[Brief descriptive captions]
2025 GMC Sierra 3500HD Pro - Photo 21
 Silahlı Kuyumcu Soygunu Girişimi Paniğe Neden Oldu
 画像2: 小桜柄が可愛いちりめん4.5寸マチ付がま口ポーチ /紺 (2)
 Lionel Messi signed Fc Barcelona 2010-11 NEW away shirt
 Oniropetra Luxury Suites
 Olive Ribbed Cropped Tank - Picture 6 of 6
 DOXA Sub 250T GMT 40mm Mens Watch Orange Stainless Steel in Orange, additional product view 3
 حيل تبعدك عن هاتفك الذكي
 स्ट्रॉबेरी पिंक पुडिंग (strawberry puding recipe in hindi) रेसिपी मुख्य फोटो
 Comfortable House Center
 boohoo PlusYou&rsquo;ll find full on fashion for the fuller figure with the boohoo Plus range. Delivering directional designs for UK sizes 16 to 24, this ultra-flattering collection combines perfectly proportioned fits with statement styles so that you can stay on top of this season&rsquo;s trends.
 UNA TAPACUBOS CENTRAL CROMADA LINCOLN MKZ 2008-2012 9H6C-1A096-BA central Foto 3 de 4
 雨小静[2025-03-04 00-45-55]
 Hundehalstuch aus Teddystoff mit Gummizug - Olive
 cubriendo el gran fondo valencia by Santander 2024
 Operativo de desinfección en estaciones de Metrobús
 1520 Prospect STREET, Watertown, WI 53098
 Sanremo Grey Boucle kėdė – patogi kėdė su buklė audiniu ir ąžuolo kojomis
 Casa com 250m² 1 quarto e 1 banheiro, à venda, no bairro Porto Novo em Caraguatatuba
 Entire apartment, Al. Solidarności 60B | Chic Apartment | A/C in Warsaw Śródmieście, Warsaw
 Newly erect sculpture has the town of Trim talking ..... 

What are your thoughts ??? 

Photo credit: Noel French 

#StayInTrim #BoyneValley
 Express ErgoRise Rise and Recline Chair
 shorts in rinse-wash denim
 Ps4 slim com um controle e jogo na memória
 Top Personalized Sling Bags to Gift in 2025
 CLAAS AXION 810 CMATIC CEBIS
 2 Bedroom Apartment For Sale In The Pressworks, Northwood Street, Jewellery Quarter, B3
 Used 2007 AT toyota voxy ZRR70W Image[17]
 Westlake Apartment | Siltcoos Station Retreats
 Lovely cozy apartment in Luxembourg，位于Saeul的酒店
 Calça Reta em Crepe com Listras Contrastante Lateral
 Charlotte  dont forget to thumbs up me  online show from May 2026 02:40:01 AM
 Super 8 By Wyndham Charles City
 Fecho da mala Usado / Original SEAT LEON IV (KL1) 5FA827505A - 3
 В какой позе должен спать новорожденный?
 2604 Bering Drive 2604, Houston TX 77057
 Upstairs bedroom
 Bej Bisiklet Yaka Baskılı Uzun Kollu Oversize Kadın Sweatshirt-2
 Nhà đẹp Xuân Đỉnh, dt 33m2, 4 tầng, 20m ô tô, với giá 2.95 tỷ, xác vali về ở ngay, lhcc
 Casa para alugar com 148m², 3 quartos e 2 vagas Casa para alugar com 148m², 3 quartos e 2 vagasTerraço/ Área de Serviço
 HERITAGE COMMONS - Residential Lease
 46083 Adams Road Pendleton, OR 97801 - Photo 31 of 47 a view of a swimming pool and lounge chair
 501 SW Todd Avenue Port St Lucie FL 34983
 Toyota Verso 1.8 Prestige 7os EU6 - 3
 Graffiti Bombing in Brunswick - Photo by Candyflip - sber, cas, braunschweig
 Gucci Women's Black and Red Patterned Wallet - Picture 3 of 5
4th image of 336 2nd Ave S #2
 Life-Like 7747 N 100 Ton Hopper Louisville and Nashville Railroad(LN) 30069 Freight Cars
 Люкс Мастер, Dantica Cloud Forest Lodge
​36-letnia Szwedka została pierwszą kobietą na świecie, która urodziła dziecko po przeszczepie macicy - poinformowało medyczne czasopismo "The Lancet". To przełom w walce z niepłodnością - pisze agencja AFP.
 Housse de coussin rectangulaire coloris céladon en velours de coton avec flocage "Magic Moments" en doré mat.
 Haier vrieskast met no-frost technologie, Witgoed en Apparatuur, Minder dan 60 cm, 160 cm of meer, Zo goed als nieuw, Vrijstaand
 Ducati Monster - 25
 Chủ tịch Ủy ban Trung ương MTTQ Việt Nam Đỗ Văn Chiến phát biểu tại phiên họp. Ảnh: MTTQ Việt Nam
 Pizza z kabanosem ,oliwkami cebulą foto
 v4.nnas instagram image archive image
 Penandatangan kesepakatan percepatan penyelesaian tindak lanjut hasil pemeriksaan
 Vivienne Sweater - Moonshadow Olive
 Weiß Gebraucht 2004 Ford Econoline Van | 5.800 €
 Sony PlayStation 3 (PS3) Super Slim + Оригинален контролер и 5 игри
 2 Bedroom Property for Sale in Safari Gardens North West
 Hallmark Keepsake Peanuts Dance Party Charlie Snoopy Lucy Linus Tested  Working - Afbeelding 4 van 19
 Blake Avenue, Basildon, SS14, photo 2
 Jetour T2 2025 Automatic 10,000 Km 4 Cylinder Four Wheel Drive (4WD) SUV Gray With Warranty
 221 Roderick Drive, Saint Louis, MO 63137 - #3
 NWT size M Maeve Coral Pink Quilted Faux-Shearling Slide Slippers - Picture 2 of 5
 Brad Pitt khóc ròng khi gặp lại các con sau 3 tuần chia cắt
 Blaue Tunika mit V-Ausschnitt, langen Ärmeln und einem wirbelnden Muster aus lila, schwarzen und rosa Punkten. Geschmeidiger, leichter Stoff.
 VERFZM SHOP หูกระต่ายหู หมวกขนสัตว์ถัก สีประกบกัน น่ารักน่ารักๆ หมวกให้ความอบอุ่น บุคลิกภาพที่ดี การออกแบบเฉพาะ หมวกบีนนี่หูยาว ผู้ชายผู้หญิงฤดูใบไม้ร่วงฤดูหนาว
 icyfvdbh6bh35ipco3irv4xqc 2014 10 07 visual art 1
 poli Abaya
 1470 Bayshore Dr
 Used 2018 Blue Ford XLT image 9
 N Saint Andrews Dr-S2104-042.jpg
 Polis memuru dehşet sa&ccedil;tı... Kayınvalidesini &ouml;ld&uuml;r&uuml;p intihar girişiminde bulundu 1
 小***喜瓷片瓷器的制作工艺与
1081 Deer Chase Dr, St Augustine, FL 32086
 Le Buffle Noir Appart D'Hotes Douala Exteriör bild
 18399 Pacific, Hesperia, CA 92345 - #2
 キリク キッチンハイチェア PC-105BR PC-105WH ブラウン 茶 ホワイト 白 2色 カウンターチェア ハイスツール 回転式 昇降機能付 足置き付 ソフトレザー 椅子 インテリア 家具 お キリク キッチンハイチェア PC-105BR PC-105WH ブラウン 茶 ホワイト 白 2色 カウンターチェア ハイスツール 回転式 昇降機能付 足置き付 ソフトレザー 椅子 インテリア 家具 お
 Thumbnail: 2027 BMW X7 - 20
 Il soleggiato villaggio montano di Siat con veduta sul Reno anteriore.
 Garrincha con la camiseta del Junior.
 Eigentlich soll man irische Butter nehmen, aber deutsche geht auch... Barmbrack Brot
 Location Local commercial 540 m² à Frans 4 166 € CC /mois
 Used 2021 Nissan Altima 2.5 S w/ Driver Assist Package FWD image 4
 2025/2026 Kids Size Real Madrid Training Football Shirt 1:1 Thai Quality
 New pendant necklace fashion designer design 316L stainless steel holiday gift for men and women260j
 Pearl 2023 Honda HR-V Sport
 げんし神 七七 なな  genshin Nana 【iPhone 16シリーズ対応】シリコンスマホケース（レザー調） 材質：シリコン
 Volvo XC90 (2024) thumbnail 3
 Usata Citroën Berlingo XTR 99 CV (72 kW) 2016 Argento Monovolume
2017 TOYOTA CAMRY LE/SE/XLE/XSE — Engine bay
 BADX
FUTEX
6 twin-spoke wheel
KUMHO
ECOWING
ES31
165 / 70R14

YOUR TASK: What you return must be an exact retyping of the lines above starting at the line with "46083 Adams Road" and ending at the line with "Graffiti Bombing in", and nothing besides.

ANSWER FOR THIS EXERCISE:
 46083 Adams Road Pendleton, OR 97801 - Photo 31 of 47 a view of a swimming pool and lounge chair
 501 SW Todd Avenue Port St Lucie FL 34983
 Toyota Verso 1.8 Prestige 7os EU6 - 3
 Graffiti Bombing in Brunswick - Photo by Candyflip - sber, cas, braunschweig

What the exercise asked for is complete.